A recent report published by Arxan Technologies examined 30 different financial services apps available on the Google Play store and found very few that provided adequate security for their users. Despite the fact that these were supplied by financial institutions, for whom trust is essential for their business, application security was found wanting.
The issues discovered were wide ranging – 43% of apps were vulnerable to attacks that can run code on the mobile device itself injected into the app as it ran — allowing adversaries to run their own code as the logged-in user. Alongside this, 80% of the apps used relatively weak encryption, creating an easy attack vector for malicious actors to pilfer sensitive data embedded in and used by these apps. Furthermore, 83% of the apps chose to store sensitive data in the device’s file system, in external storage or on the clipboard — which circumvents any access restrictions that the app might normally enforce. This allows any anonymous user (or other app) to access sensitive data that should have been protected.
But the most common issue was financial apps lacking binary protection which would prevent reverse engineering. This means that attackers could take the applications and decompile them to examine their source code; this allows for the discovery of other vulnerabilities to exploit, with any sensitive data hard-coded within the app being exposed too. This final issue automatically reduced the number of apps without issues to a grand total of 3%.
Only 3% of financial apps within this study delivered a secure experience for their users, demonstrating that these financial institutions could be trusted to handle their customers’ data and finances responsibly. This, of course, is the 3% that all financial institutions should aspire to belong to; with each passing headline, customers are realising the importance of choosing financial providers who have invested in proper security controls to protect their interests.

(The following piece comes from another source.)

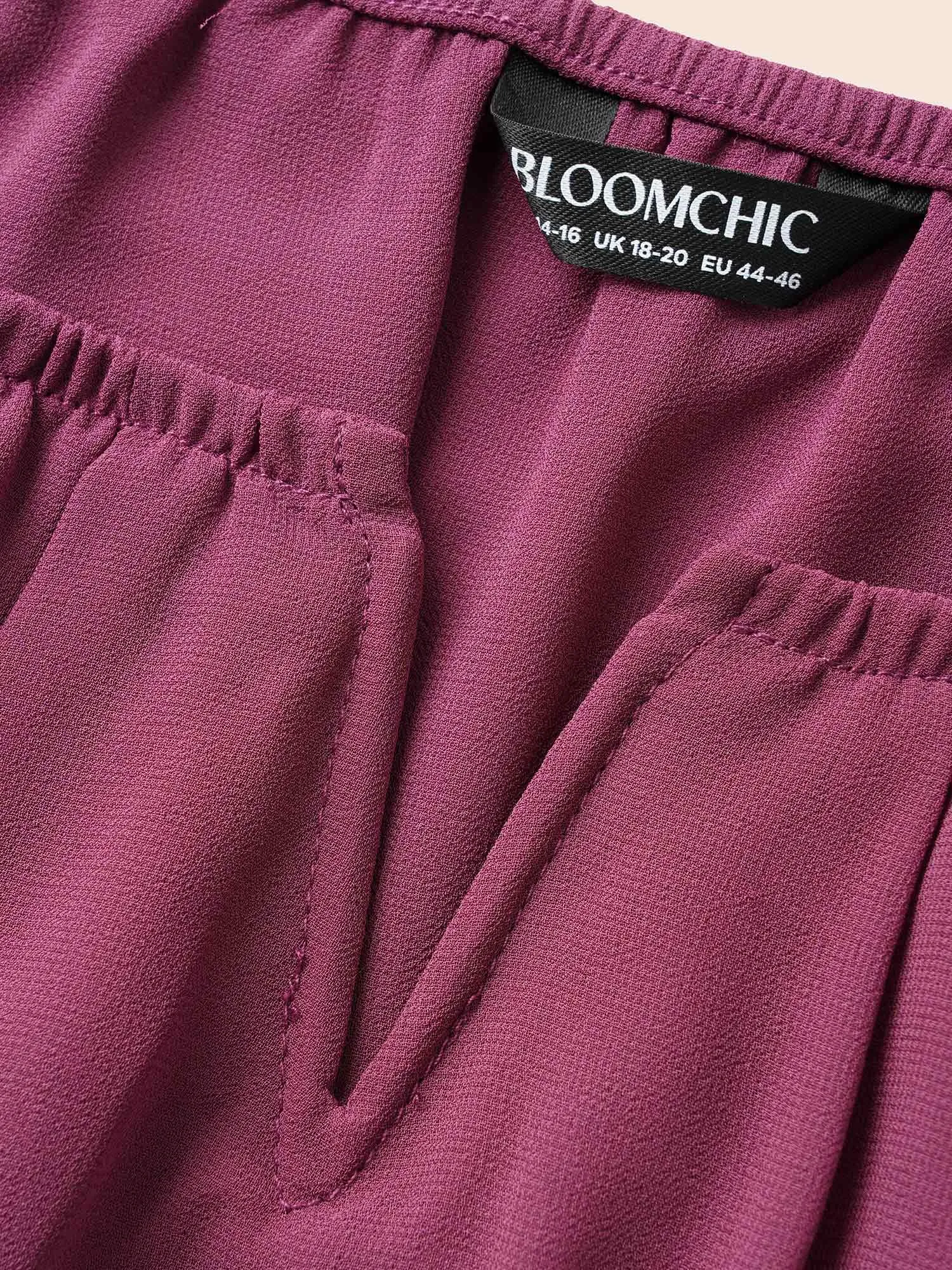 Notched Chiffon Gathered Belted Blouse sold by Bloomchic product image thumbnail 5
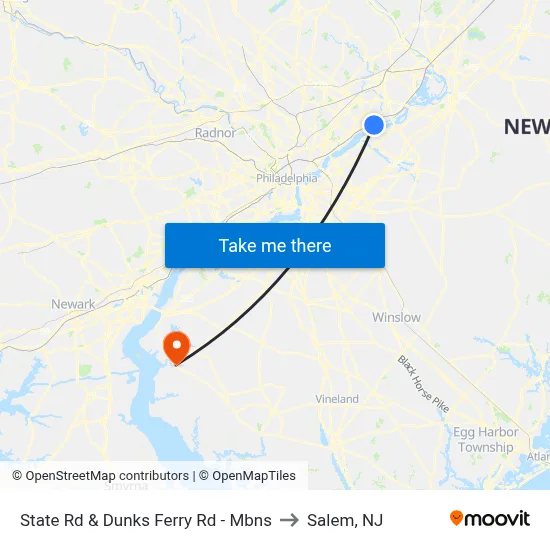 State Rd & Dunks Ferry Rd - Mbns to Salem, NJ map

Studies such as this one call attention to the fact that with each passing day, it becomes more apparent that security cannot be an afterthought for today’s businesses. It must be a mindset that pervades all aspects of the organisation; from establishing an identity program to provide access and ensure compliance with regulation, to having access to sensitive resources enforced in depth. Moreover, organisations must ensure – as this report highlights – that application security is at the forefront of every software architect and developer so that the applications and software that represent a financial institution to the world communicates responsible handling of important customer assets and data.
Organisations that take security lightly put themselves at risk – not only jeopardising the relationship with customers unnecessarily but also finding themselves living below what one analyst called “the Security Poverty Line.” Financial services institutions who want to thrive in today’s business environment must invest a coherent security program and deliver a secure, trustworthy interaction for clients — which will elevate them into that rarefied air of the 3%.